Taiwan News, Staff Writer
2013-05-04 04:34 PM
Siew, who served as President Ma Ying-jeou’s vice president from 2008 to 2012, made the remarks during a speech in Taipei about economic freedom and democratic transformation at the invitation of the Taiwan Democracy Foundation.
He said economic freedom and democratic freedoms belonged together and were the key element necessary to break through a stalemate. Political leaders needed to drop their prejudices and dissolve confrontation, Siew said. They should cooperate in a realistic manner to promote a new phase of democratic transformation together, he concluded.
Because Taiwan’s political culture had not been upgraded after the country became democratic, its politics were becoming more and more populist amid sharper polarization between government and opposition, between blue and green, he said, referring to the colors of the ruling Kuomintang and the opposition Democratic Progressive Party respectively.

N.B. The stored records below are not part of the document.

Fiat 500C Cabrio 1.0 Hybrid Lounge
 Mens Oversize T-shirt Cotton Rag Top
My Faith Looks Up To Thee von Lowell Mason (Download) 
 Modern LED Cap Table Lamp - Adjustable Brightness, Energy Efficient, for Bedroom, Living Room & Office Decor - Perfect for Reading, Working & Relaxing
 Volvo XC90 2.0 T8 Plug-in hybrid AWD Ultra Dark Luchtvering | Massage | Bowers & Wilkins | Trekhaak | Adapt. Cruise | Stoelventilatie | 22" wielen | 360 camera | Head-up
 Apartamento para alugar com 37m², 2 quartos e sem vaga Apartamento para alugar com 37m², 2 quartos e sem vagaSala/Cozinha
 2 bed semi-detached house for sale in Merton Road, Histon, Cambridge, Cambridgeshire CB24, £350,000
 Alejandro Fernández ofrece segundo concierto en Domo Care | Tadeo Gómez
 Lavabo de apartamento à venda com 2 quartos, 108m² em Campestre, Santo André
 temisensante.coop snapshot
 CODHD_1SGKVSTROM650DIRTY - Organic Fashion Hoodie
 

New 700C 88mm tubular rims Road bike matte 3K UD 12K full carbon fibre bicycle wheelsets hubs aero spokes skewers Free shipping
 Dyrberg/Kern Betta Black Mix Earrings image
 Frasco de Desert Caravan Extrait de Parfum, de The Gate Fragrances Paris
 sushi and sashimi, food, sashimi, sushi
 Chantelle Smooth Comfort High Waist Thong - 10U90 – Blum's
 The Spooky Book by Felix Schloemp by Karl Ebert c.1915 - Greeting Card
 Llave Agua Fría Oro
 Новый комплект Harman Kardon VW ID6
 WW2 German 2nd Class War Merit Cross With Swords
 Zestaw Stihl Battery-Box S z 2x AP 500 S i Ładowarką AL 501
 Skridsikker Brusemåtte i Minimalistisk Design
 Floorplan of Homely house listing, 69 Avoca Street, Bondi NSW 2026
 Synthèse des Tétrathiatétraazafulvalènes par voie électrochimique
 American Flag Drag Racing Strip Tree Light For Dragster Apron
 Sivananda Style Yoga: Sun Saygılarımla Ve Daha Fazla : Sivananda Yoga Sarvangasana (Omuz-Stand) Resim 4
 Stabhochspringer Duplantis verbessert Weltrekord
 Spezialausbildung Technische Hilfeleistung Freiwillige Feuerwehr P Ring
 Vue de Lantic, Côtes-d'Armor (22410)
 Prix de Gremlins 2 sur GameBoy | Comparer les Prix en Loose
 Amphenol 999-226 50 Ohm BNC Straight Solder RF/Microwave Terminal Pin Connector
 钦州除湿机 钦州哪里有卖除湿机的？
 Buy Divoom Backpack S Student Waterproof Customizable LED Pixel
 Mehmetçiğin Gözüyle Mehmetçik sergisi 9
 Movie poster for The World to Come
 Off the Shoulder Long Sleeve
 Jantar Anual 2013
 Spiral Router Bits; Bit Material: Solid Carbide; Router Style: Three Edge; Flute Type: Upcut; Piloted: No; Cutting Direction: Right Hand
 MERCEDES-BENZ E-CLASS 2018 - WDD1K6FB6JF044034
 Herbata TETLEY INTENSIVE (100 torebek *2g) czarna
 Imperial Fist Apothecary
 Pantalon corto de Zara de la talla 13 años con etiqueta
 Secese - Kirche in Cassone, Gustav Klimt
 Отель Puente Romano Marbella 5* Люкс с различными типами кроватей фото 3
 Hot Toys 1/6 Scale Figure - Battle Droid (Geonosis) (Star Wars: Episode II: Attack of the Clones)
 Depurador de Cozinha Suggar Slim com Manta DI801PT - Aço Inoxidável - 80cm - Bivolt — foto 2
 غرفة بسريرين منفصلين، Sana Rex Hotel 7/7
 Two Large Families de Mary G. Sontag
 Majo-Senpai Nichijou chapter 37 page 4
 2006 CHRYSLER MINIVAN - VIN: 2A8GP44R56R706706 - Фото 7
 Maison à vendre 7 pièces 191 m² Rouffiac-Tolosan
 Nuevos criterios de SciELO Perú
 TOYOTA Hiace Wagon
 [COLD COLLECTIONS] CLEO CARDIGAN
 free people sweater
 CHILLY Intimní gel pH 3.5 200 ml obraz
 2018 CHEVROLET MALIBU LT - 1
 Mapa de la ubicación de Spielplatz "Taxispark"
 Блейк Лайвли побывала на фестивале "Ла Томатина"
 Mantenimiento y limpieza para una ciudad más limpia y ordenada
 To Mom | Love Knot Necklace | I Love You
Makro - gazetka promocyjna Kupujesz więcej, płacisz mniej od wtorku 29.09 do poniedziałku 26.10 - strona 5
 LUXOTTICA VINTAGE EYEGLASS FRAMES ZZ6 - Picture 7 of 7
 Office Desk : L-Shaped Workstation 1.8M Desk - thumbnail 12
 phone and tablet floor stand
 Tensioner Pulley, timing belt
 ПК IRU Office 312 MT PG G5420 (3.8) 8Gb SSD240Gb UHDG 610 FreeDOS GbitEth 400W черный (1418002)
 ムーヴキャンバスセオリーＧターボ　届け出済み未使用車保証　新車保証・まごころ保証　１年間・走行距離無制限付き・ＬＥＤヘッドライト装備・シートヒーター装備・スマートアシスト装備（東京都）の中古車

One of the topics that needed to be addressed was the search for a consensus about the relationship with China, because its absence was deepening confrontation between two parts of society, Siew warned.
The former vice president and trade official said that only if the two sides in Taiwan politics set aside their differences and faced the nation’s major problems together could there be progress.
After the DPP’s Chen Shui-bian was elected president in March 2000, he formed economic committees trying to find a consensus on key policies, Siew said. Because economic progress was important, Chen wanted to reach a consensus across party lines for the good of all citizens, according to Siew. At the time, Taiwan succeeded in joining the World Trade Organization in 2002 after attempts which took 10 years, he said.
The experiences of that era showed that economic openness and democratic reforms could work hand in hand to improve the country’s situation, Siew said. Even though everybody knew that economic liberalization was the way to go, the process was difficult, while in politics, the public regarded democracy as a core value even though it might have led to more social conflict.
Turning to Taiwan’s economy, Siew said it now faced its biggest challenge in decades with marginalization as a result of international elements and its overreliance on subcontracting for foreign firms. The former vice president insisted the government should follow the track of economic liberalization, but it should consult with the opposition and with local governments to determine its aim and strategy.
Democratic politics was the basis for economic liberalization and progress, while continued economic development was necessary for a deepening of democracy, Siew said.
Siew served as premier during the 1997 Asian financial crisis, and was considered as close to then-President Lee Teng-hui.